When reviewing prospective client portfolios, especially in the current market environment, every now and then we come upon a stock that is trading at a lower price than it was acquired at. When I advise the client to sell the stock and at least use the loss to offset other gains that have been generated in the portfolio, I am often met with a firm NO! The client says that he believes that the stock will go back up and he wants top wait to sell it. The are two faults with this answer. First, the stock hasn’t been a stellar performer until this point, what is to make you think that it will start going up. Secondly, there may be another way to profit from the poorly performing stock.

Tax-Loss Selling

When one decides to sell the positions at a loss in the portfolio, the term used is tax-loss selling. It’s a process of selling securities at a loss to offset a capital-gains tax liability. It is typically used to limit the recognition of short-term capital gains, which are normally taxed at higher federal income-tax rates than long-term capital gains.

Though they may not realize it, for many investors, tax -loss selling may be the most important way to reduce your tax bill. If done correctly, it can save you money and help you diversify your portfolio in ways you may not have considered.   For example, Let’s say you have a gain in Stock A and you decide to sell it. You will be taxed on that gain in full. But if you have a loss in Stock B and you actualize it by selling, you can use the amount of the loss and offset it against the gain, thus, drastically reducing your taxes owed. You wont be able to recover the whole loss you suffer but it certainly cushions the blow.

Why wait

It’s customary for both professional money managers and investment advisors to wait until the end of the year to start selling their losing stocks. But there are no hard and fast rules as to this. Personally, I like to take advantage of downturns in the market, like we have now, to review clients’ portfolio and advise on taking losses. Keep in mind one of the golden rules of investing, to ride your winners. Some of the most successful investment strategies call for investors to hold on to their good performing stocks and sell the laggards, because chances are there is a good reason that they are lagging. After what we have already mentioned, there is and added value of selling the laggards, you get to use those losses to offset the gains you may have. So not only do you make your portfolio current, by holding only the good positions, but you can benefit financially as well by realizing the losses.

Be Careful

There is a rule in the US, called the Wash-sale rule, where the IRS disallows a loss deduction from the sale of a security if a ‘substantially identical security’ was purchased within 30 days before or after the sale.

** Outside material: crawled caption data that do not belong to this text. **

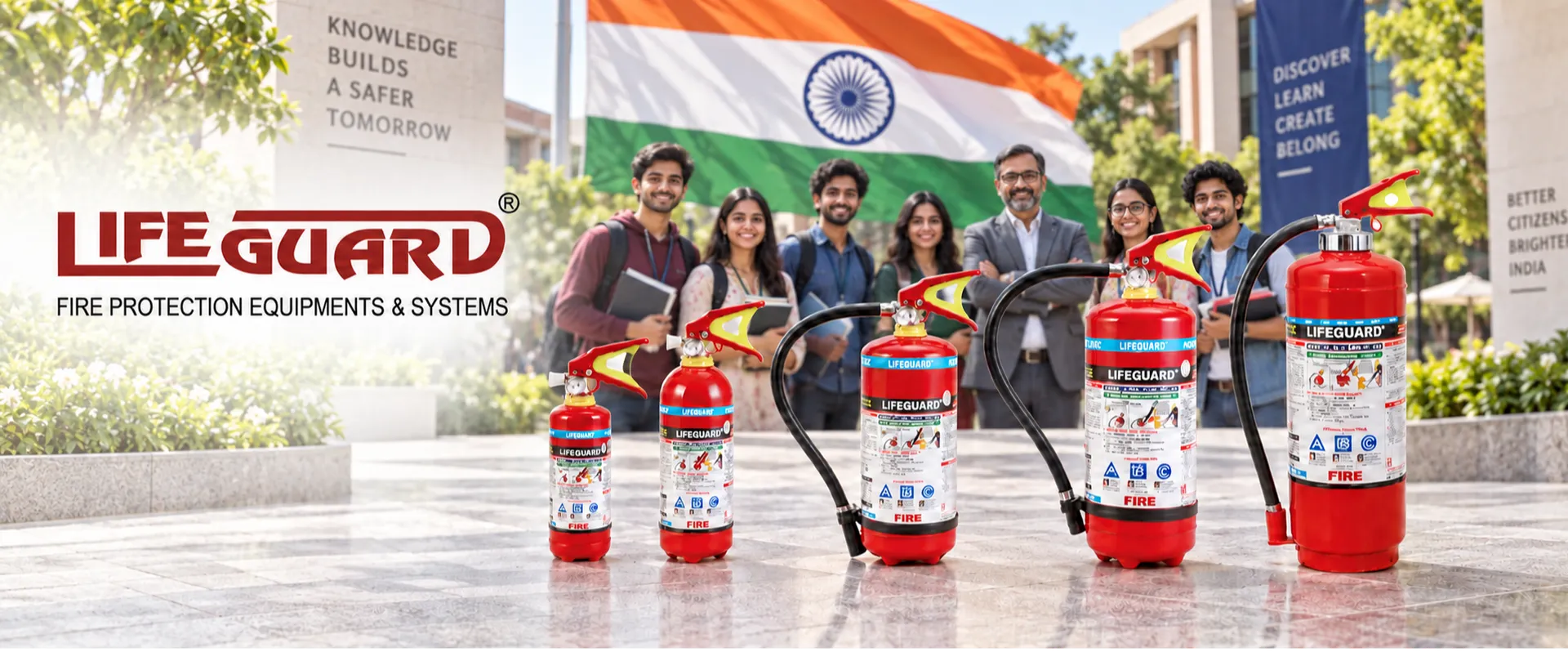 University Fire Safety Equipment System Provider in India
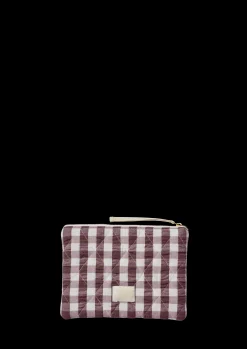 Clearance JUNA Bæk&Bølge Dalila Toiletbag 20x14 cm Chokolade/Hvid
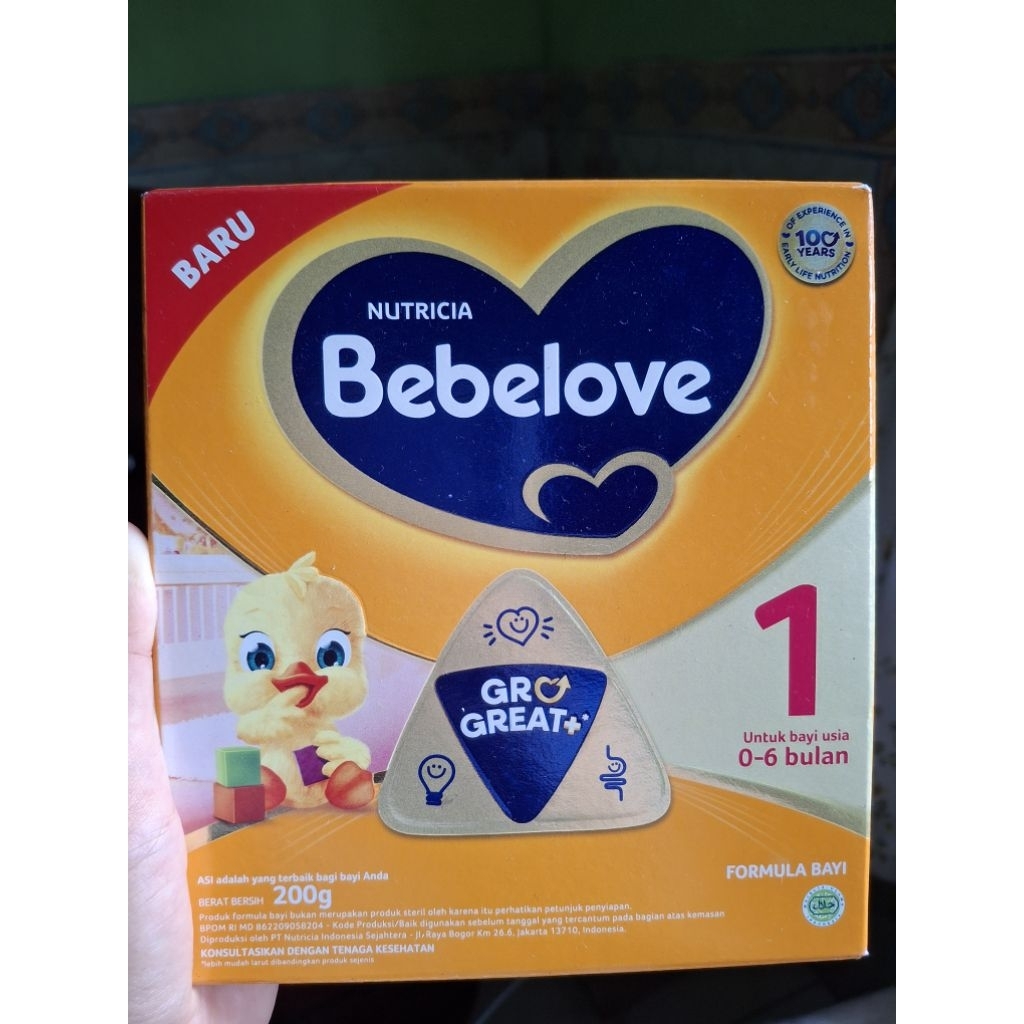 SUSU BEBELOVE 0 - 6 BULAN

Let’s say that you bought 100 shares of General Electric March 1st and then sold 100 shares of GE on March 15 at a loss, the loss deduction would not be allowed .The wash-sale rule is designed to prevent investors from making trades for the sole purpose of avoiding taxes.

Speak with The Professionals

It’s important to speak with your accountant before implementing this tax loss strategy. Many times your accountant will work closely with your investment advisor in order to best serve your needs. The accountant will also be knowledgeable about any local tax implications, and can help you plan accordingly.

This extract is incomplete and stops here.